“Saya sebel Oom, kalo orang nge-share berita tapi setelah diklik harus login. Taunya cuma bisa dibaca yang langganan pake bayar. Kitanya udah jadi paham literasi media, jangan langsung percaya screen capture, eh taunya harus bayar!” gerutu Eko Echo.
“Terus yang kamu sebelin siapa, Ko?” tanya Kamso.
“Yang nge-share link soalnya snob, sama yang punya media. Kalo media main di online tapi pake bayar berarti dia nggak bisa bisnis, Oom! Yang lain bisa gratis kan?”
Lalu Kamso menyimak keluh kesah Eko, yang ditutup dengan, “Emang sih kadang saya dikasih akses temen atau dapat PDF yang katanya ilegal soalnya ngebajak.”

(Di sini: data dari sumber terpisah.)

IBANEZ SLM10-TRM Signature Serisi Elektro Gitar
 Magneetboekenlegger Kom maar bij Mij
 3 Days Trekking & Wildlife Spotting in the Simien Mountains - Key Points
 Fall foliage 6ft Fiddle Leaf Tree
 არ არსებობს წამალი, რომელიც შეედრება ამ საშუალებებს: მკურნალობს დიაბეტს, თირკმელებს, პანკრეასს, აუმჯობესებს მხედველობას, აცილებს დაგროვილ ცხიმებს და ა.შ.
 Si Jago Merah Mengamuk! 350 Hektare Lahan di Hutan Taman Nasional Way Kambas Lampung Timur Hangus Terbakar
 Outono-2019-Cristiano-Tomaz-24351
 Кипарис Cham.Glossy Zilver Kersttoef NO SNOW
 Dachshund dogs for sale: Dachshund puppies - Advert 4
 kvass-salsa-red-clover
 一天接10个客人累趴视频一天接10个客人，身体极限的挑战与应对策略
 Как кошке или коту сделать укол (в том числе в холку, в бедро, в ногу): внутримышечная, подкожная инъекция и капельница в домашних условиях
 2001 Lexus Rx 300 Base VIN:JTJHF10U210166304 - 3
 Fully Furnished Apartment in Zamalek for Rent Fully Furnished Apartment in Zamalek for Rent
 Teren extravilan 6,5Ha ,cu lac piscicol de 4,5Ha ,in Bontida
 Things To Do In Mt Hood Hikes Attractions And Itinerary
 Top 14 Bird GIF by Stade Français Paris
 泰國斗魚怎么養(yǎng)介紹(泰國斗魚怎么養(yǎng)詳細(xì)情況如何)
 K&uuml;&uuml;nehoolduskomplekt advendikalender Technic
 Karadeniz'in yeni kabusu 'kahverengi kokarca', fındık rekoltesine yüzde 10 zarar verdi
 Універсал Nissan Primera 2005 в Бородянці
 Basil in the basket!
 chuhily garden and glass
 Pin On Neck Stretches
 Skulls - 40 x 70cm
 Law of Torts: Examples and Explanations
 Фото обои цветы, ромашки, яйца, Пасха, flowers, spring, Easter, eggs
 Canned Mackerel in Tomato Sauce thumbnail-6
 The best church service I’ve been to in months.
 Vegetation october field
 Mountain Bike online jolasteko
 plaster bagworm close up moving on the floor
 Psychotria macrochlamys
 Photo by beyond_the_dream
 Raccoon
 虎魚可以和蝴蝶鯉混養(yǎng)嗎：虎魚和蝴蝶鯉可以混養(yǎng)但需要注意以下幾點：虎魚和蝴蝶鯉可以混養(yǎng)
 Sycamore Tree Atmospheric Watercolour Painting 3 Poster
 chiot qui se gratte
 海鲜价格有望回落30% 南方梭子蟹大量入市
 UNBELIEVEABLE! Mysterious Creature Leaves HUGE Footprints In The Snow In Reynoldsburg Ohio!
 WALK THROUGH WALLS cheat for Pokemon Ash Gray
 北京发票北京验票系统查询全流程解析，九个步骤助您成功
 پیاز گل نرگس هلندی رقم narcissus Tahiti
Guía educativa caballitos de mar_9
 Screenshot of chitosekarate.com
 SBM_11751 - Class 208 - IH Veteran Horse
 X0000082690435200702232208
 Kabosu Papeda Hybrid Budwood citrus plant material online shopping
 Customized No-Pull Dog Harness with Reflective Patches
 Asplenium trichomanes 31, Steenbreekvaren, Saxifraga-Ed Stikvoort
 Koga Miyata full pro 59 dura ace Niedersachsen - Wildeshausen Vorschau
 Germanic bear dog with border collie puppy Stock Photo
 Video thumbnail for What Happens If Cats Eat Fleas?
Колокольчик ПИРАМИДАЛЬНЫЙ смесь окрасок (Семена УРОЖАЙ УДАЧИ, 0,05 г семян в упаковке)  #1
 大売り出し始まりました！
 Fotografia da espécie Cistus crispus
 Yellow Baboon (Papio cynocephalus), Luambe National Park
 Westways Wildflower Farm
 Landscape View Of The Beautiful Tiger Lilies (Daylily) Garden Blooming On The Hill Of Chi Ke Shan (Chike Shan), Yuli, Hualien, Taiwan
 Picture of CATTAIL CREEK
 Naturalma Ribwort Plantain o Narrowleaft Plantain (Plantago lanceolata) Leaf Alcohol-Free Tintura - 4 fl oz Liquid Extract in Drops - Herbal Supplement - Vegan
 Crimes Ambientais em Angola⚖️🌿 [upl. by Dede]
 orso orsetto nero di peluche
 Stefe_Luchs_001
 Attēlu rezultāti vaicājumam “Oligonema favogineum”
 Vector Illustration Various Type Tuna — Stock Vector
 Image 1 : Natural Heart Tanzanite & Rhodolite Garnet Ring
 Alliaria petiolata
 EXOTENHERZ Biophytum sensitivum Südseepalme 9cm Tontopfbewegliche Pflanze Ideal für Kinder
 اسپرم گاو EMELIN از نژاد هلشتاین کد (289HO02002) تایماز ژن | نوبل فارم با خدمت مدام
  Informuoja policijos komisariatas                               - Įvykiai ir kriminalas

“Terus apa yang kamu dapat di sana, Ko?”
“Tulisan bagus, liputan eksklusif, foto bagus, infografik cakep. Yang media gratis sering nggak ada itu. Gambarnya jelek, sama dengan media lain. Tulisan muter-muter, dipecah jadi dua tulisan lebih, infografik nggak tiap hari, ilustrasi nggak keren. Iklan nutupin layar hape. Saya kan pernah sebentar di pers kampus, di majalah sama online. Tahu dikitlah soal media harus gimana.”
“Media di kampus butuh biaya kan?”
“Lha iyalah tapi nggak banyak. Kita kan nggak digaji, Oom. Bukan maksud saya orang media berita nggak usah digaji lho, Oom.”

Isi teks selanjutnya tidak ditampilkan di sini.